Data in this exercise
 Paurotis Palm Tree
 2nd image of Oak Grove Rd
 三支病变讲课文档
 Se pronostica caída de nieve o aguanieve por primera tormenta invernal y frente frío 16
* * *
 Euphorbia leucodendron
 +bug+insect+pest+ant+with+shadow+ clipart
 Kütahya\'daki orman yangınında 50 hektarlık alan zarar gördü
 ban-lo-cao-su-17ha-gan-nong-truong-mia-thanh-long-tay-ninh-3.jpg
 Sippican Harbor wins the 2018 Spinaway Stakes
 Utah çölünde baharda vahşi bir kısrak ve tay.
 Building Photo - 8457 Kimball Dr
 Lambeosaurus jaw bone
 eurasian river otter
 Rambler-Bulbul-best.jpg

Task description
Your answer must consist solely of the lines above between the line holding "Sippican Harbor wins" and the line holding "Rambler-Bulbul-best.jpg", inclusive, copied exactly.

Written solution
 Sippican Harbor wins the 2018 Spinaway Stakes
 Utah çölünde baharda vahşi bir kısrak ve tay.
 Building Photo - 8457 Kimball Dr
 Lambeosaurus jaw bone
 eurasian river otter
 Rambler-Bulbul-best.jpg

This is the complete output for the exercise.